Before that point, there had seemed to be a changing of the guard in the offing in South African and therefore European Tour golf, headlined by the incredible rise of Branden Grace, who after reclaiming his card at the 2011 Qualifying School captured three titles in the first four months of the 2012 season before adding a fourth at the Alfred Dunhill Links Championship in October.
And Grace, at 36th, is one of five South Africans inside the top 50 of the Official World Golf Ranking currently, with Louis Oosthuizen (fifth), Charl Schwartzel (23rd), Els (24th) and George Coetzee (49th).
Last week, the European Tour’s 2013 Race to Dubai was launched at the inaugural Nelson Mandela Championship presented by ISPS Handa in Durban and in a true sign of the strength, and indeed success, of the relationship, was the first of at least six events set to be staged in South Africa in the new season, co-sanctioned between the European Tour and the Sunshine Tour.
“In terms of co-sanctioned arrangements, at 17 years it’s the longest partnership we have had with any tour,” said Keith Waters, the European Tour’s Chief Operating Officer and Director of International Policy.
“There are some natural positives partnering the Sunshine Tour in terms of the geography; the time change is only one or two hours from Europe so as regards to media coverage, television coverage, the benefits are clear.
“The climate obviously complements our European season and then the quality of the courses, the language and culture have all been very positive in building the relationship.
“This relationship extends to television matters in which Sunshine Tour Productions – a partnership that is jointly owned by European Tour Productions and the Sunshine Tour – produces and distributes all the live and recorded programming for Sunshine Tour and co-sanctioned events with the European Tour.
“But in everything we do it is still today a genuine 50-50 partnership, whether that’s money, operations, television, staff, or playing opportunities and that equality makes for a very healthy relationship.”
Dale Hayes was the first South African to become European Tour No 1 in 1975, three years after the Tour’s formation, but it is post-1995 that the country’s players have come to the very forefront of European golf, with four consecutive Order of Merit winners following the turn of the century as Retief Goosen took top spot in 2000 and 2001, and Els did the same in the subsequent two years.
In each of the last three years, meanwhile, there has been a South African major winner, from Oosthuizen’s maiden major triumph at the 139th Open Championship at St Andrews, his friend Schwartzel’s success at the Masters in 2011 and of course Els’ victory on the Southport coast earlier this year.
Selwyn Nathan, Executive Director of the Sunshine Tour, was equally gracious in his assessment of how the unrivalled bond has helped elevate both tours, and its membership, since 1995.
He said: “The relationship we have built with the European Tour in these 50 tournaments is an integral part of the success of the Sunshine Tour.

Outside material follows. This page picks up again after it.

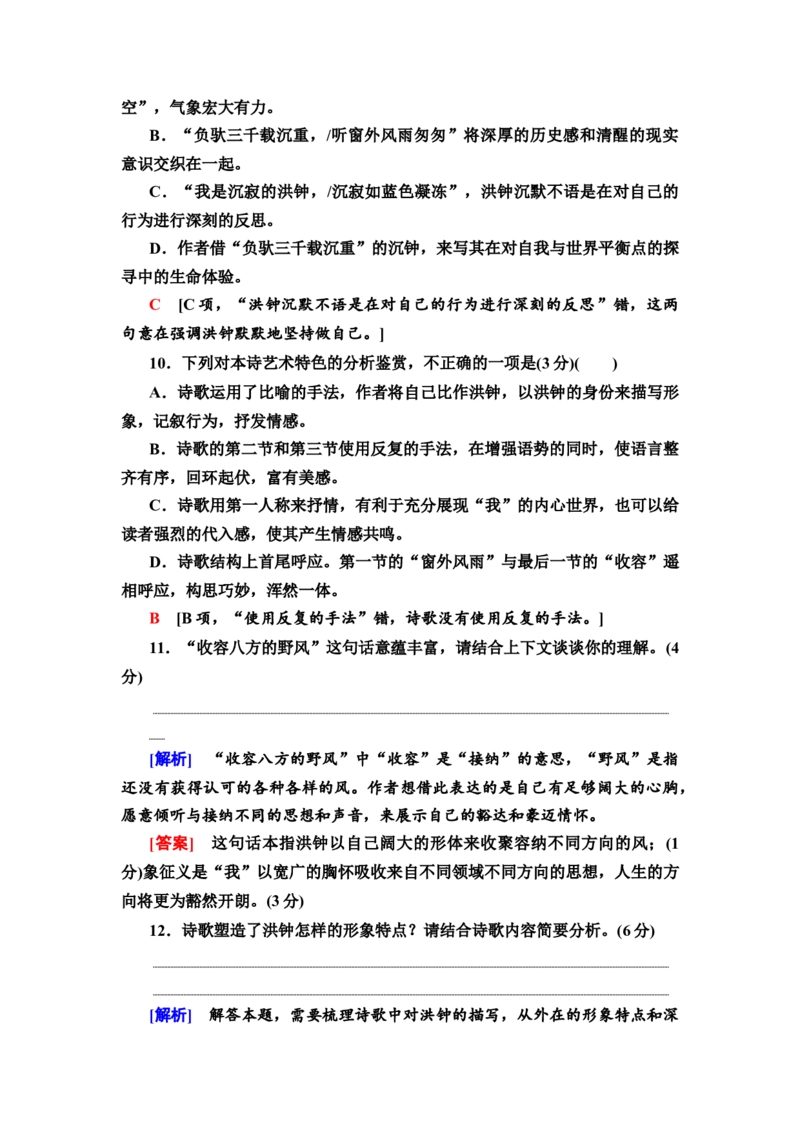 文学性阅读&mdash;&mdash;现代诗歌鉴赏教案_01高考语文_22022年新高考资料_2022届一轮复习讲练结合_语文系列二_专题4诗歌阅读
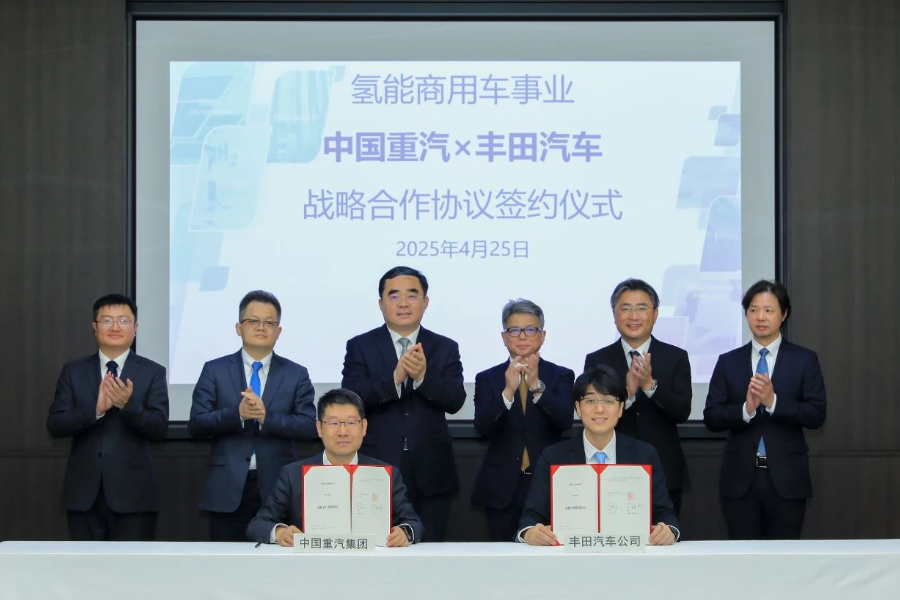 中國重汽與豐田汽車簽署戰略合作協議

“It has created opportunities for the great South African players we see taking their place on the world stage right now, and, because the relationship keeps getting stronger, there are more players emerging here in South Africa.
“It is a partnership that is most visible in the six co-sanctioned events we now share, but those events represent something that is perhaps more important than that – a genuine sharing of resources and ideas for the betterment of players on both sides.
“As we continue to develop that relationship, I’m sure there will be refinements to the way we do things, and they will be done, as they always have been, in the spirit of co-operation and respect.”
The Alfred Dunhill Championship, being contested for the ninth time at the magnificent Leopard Creek Country Club in Mpumalanga, will be defended this week by South African Garth Mulroy.